L'imbroglio de la destitution de Gotti-Tedeschi


La version donnée par le Saint-Père Benoît dans ses "Dernières conversations" avec Peter Seewald contredit celle de Mgr Gänswein divulguée il y a trois ans. Article sur <Rossoporpora> (12/9/2016)

>>> Cf.
La "bombe" de Maurizio Blondet

 

Un coup de pied dans la fourmilière: c'est ainsi que peut apparaître la "bombe" de Maurizio Blondet que j'ai publiée hier.

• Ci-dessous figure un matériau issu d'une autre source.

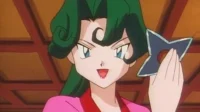 Mulher anime de cabelo verde e kimono rosa sorri maliciosamente, segurando um shuriken azul. Fundo japonês.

Elle n'a pas échappé non plus à un observateur aussi attentif et modéré que Giuseppe Rusconi.
Il en profite pour brocarder avec humour les contradictions et les excès (au moins) verbaux de son confrère Tornielli, affublé du surnom cocasse de "trombettier maggiore".

Espérons que Giuseppe Rusconi, dont le blog <Rossoporpora> est très lu, semble-t-il, dans les cercles vaticans , et qui n'a pas la réputation, disons sufureuse de Maurizio Blondet, pourra contribuer à une saine réflexion sur ce qu'il faut bien appeler une énigme.
L'affaire a aussi été évoquée ici: formiche.net.
On y apprend qu'«interpelé par Formiche, Ettore Gotti Tedeschi n'a pas souhaité s'exprimer»

L'article ci-dessous reprend en grande partie les éléments déjà évoqués par Blondet. Il m'a semblé important de le traduire pour montrer que la "bombe" ne devrait pas rester un coup isolé, oeuvre de quelque complotiste loufoque.

L'étrange histoire autour de l'éviction d'Ettore Gotti Tedeschi


GIUSEPPE RUSCONI
www.rossoporpora.org
12 Septembre, 2016
Ma traduction

* * *

Dans le chapitre quatorze des «Dernières conversations» de Benoît XVI, un passage surprenant concerne l'éviction en 2012 du président de l'IOR Ettore Gotti Tedeschi. Andrea Tornielli en parle lui aussi, démentant un autre Andrea Tornielli en Octobre 2013. Mais le problème fondamental demeure: que s'est-il vraiment passé dans l'étrange affaire de l'éviction de Gotti Tedeschi?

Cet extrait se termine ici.